De realiteit heeft het idealisme soms overschaduwd. In Eritrea kwam de arts terecht in een oorlogssituatie en stond het ziekenhuis juist in het gebied waar de strijders actief waren. Eens drongen de rebellen door in het ziekenhuis en gijzelden twee vrouwen, Anna en Debbie. Debbie kwam vrij, Anna werd doodgeschoten. Rietkerk liet een foto van het graf zien. „Als je er middenin zit, zie je de leiding van God niet altijd. Dat maakt het niet makkelijk. Maar achteraf zie je die leiding wel.”

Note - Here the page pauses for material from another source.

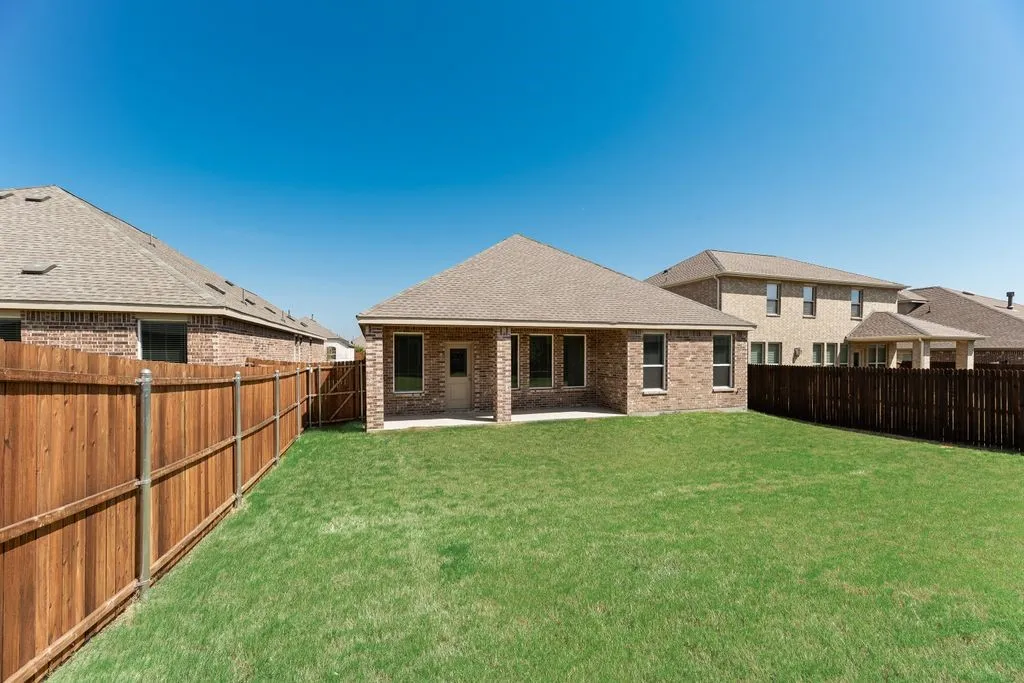 Single Family Residence For Rent in Denton County , 1336 Francesca Drive, Little Elm, Texas 75068, 4 Bedroom, 2 Bathroom, 2 Garage spaces, 2,083 Sqft, built in 2025, mls#21365290, Real Estate Agent in Little Elm, Homes For Rent in Denton county, Homes For Rent in Little Elm, Realtor in Little Elm Texas, Real Estate Brokerage Independent Realty Texas, Luminita Cordes Realtor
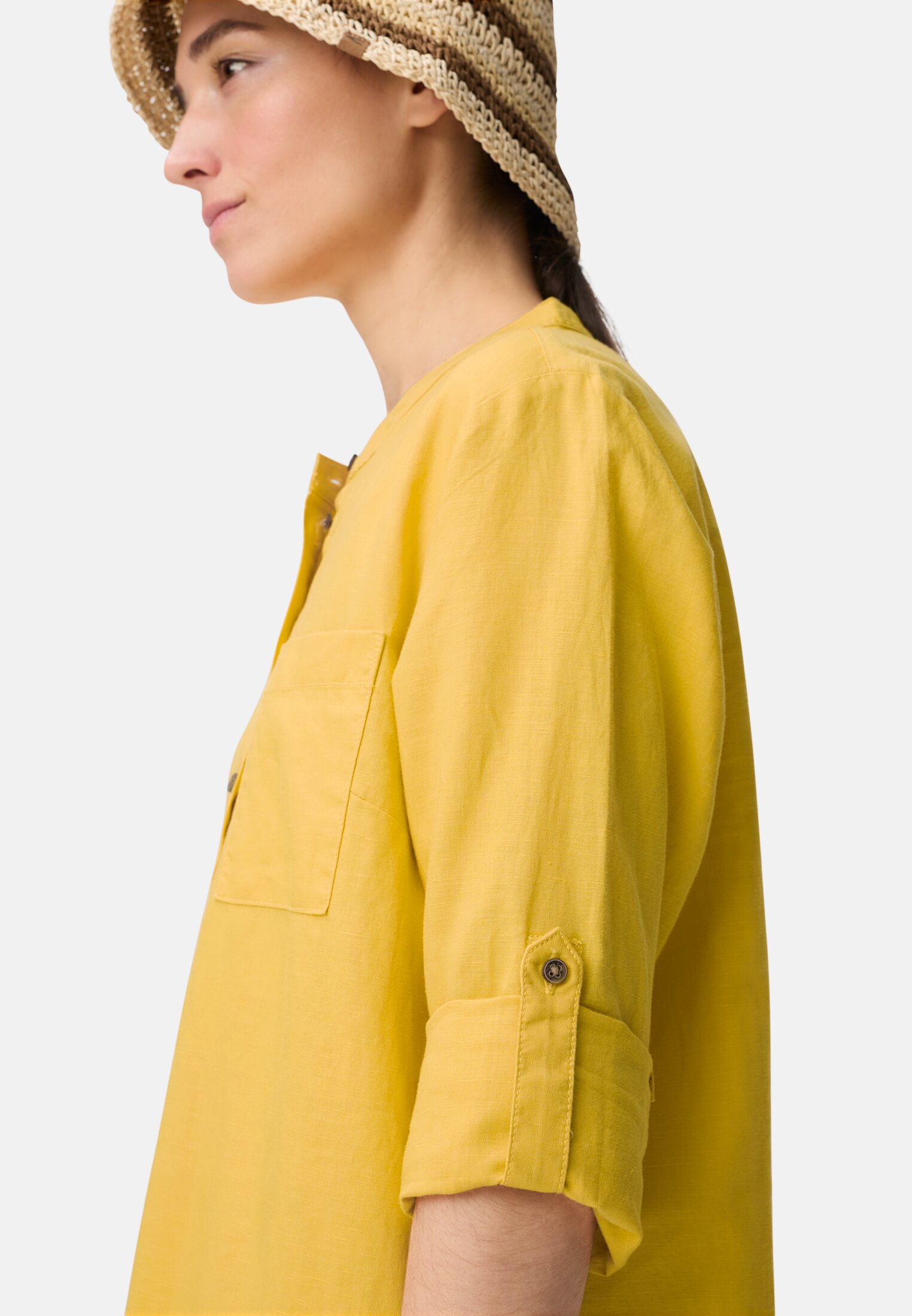 Women Shirt dress with stand-up collar Yellow worn detail close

Rietkerk zette later, samen met anderen, in Kenia een polikliniek op waar mensen vanuit de wijde omgeving naartoe kwamen. Ze vertelde van een wonderlijke ontmoeting. Op een morgen was ze op weg naar de kliniek toen ze een vrouw met haar zoon tegenkwam. De vrouw vroeg of Rietkerk haar nog kende. De zendingsarts zei van niet, ze zag per dag vaak honderd patiënten. Ook toen de vrouw zei dat Rietkerk geholpen had bij de geboorte van haar zoon, wist ze niet direct wie ze voor zich had, want ze deed honderden bevallingen per jaar. Dat veranderde toen de vrouw, Lota, vertelde dat haar zoon Mboya (Gebed) heette. „Het was een moeilijke bevalling. Ik was die nacht bij haar gebleven en we hadden samen gebeden. Om zes uur kwam het kind. De vrouw zei: „Ons gebed is verhoord.” Ik haastte me toen om terug te gaan naar huis, omdat de polikliniek zo weer zou beginnen. Lota riep me terug: „We moeten de Heere danken voor dit kind. Ik zal het Mboya noemen”, zei ze.”
Rietkerk werd in 1969 uitgezonden door de zendingscommissie van de Orthodox Presbyterian Church in Amerika en werkte 32 jaar in het buitenland. Ze werd gesteund door de Stichting Zendings Thuisfront Holland. De stichting, die nu Edukambani heet, zorgt ervoor dat Keniaanse kinderen naar school kunnen.